_PROVIDED RECORDS_
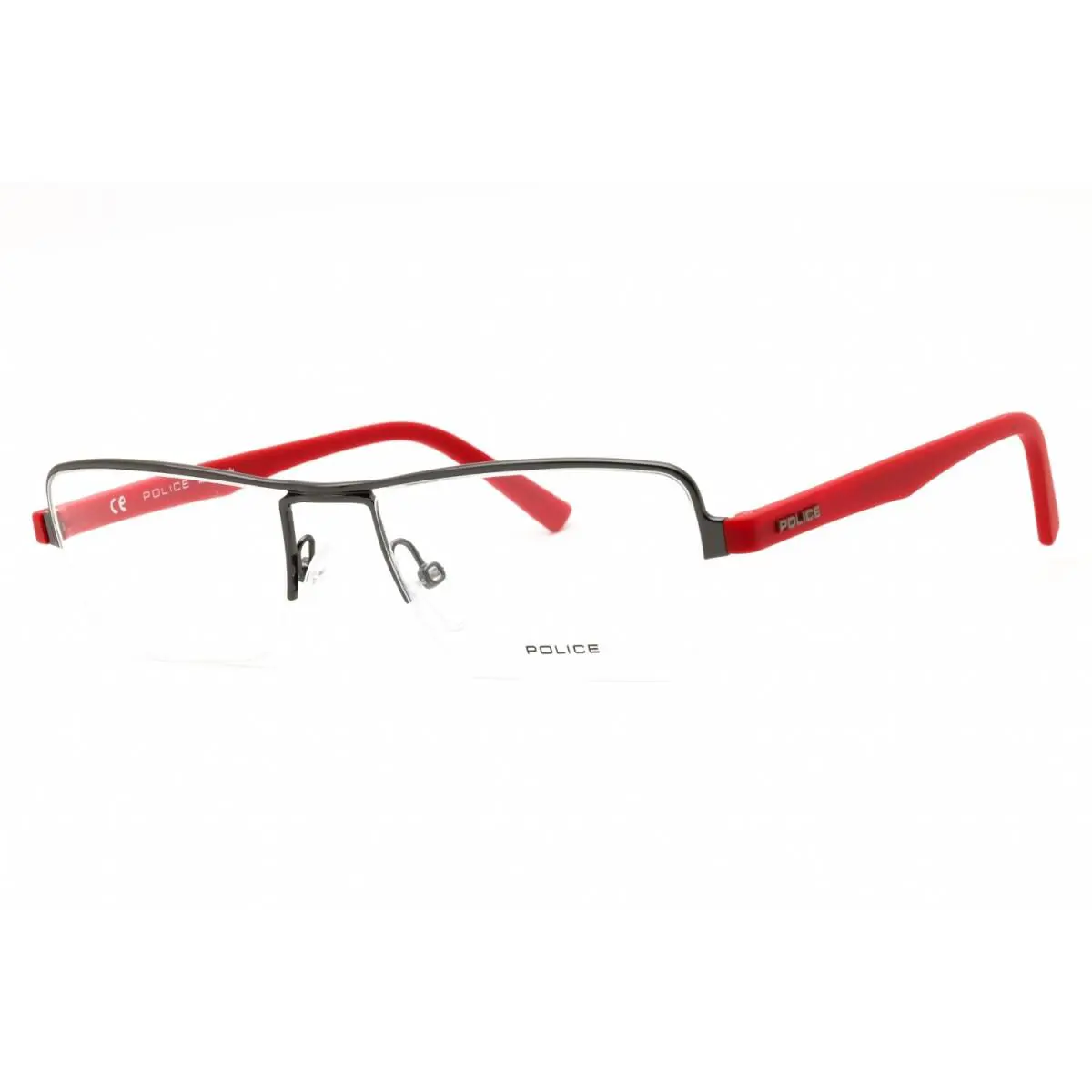 Police VPL257 0568 Shiny Gunmetal 52mm Eyeglasses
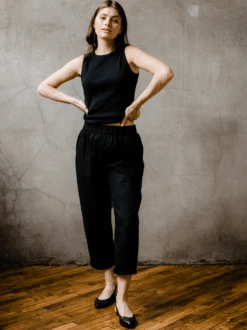 Mary Easy Pant -The Mist Sale Store MaryEasyPant Black ABLE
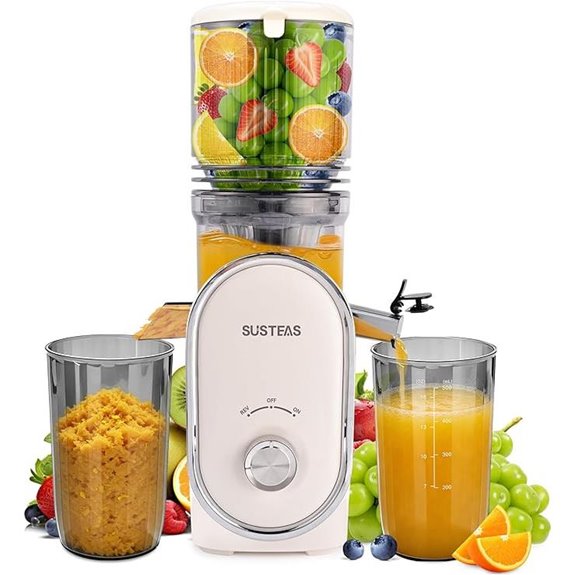 SUSTEAS Cold Press Juicer with 5.3 Feed Chute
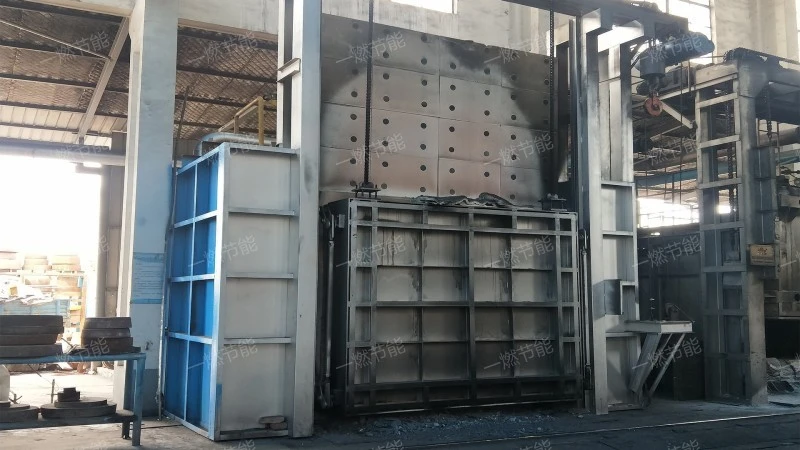 Double chamber rapid heating furnace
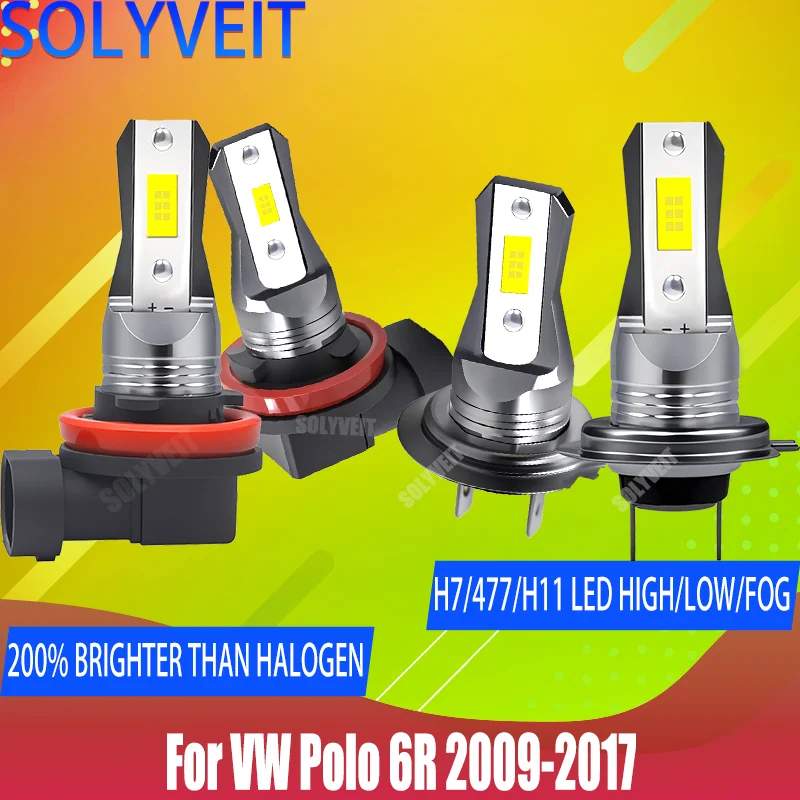 White 6000K Light 12v LED 477/499/H9 Car Headlamp Foglamp Bulb For VW Polo 6R 2009 2010 2011 2012 2013 2014 2015 2016 2017
White 6000K Light 12v LED 477/499/H9 Car Headlamp Foglamp Bulb For VW Polo 6R 2009 2010 2011 2012 2013 2014 2015 2016 2017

_INSTRUCTIONS TO FOLLOW_
The entire listing above, minus its pictures, should be copied out exactly.

_ANSWER BOX_
 Police VPL257 0568 Shiny Gunmetal 52mm Eyeglasses
 Mary Easy Pant -The Mist Sale Store MaryEasyPant Black ABLE
 SUSTEAS Cold Press Juicer with 5.3 Feed Chute
 Double chamber rapid heating furnace
 White 6000K Light 12v LED 477/499/H9 Car Headlamp Foglamp Bulb For VW Polo 6R 2009 2010 2011 2012 2013 2014 2015 2016 2017
White 6000K Light 12v LED 477/499/H9 Car Headlamp Foglamp Bulb For VW Polo 6R 2009 2010 2011 2012 2013 2014 2015 2016 2017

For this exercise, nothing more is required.